C'est ça qu'on ne fait pas assez. On n'oblige pas les structures à se justifier. De deux choses l'une : ou bien les têtes syndicales vont changer dans leur attitude, ou elles vont tomber. Ils peuvent faire de sorte que la patronale vire un ou deux ou trois délégués combatifs, mais il y a un moment donné où, stop, ils ne savent plus le faire.
Frank
Les changer, c'est impossible, parce que ces gens, aussi bien chez les socialistes que chez les catholiques, ils n'ont dans leur tête que de protéger leur poste.
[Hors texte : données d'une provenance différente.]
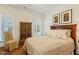 Bedroom with hardwood floors and neutral decor features, enhancing a tranquil atmosphere at 3650 Durwood Ln, Raleigh, NC 27604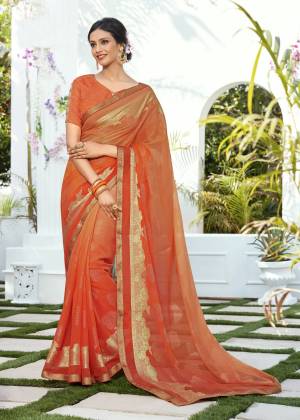 Orange Color Induces Perfect Summery Appeal To Any Outfit, So Grab This Saree In Orange Color Paired With Orange Colored Blouse. This Saree Is Fabricated On Chiffon Jacquard Paired With Brocade Fabricated Blouse. Buy This Pretty Saree Now.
C'est la même chose dans la politique.
On a eu peu de temps pour la liste, mais il faut continuer a essayer de convaincre les gens, de communiquer. C'est difficile, mais je crois que c'est ça mon travail.
Martin
Je crois qu'il faudrait s'organiser maintenant pour concrétiser la continuité de notre rencontre.
Je me souviens de l'initiative lancée par Bert Verhogen, de DHL, qui avait lancé un appel national pour créer un mouvement en défense des délégués licenciés et des droits syndicaux.
Il prévoyait une première rencontre après un certain nombre de signataires et une éventuelle manifestation nationale.
Est-ce que se ne serait pas bien de suivre la même démarche et de prévoir un appel, un petit papier ou une plate-forme dans ce sens?

Après une brève discussion, les participants se sont mis d'accord sur deux conclusions pratiques:
1. Un rapport de ce débat sera fait afin de le divulguer amplement.
2. Maria, Max, Frank et Raf feront le nécessaire pour convoquer ensemble à une réunion après les élections et après les vacances, c'est-à-dire en septembre 2004, pour donner suite à l'activité qui a fait l'objet du débat. Les présents se compromettent à mobiliser pour qu’à cette réunion il y aie une très ample participation de tous ceux qui veulent réellement défendre les intérêts des travailleurs.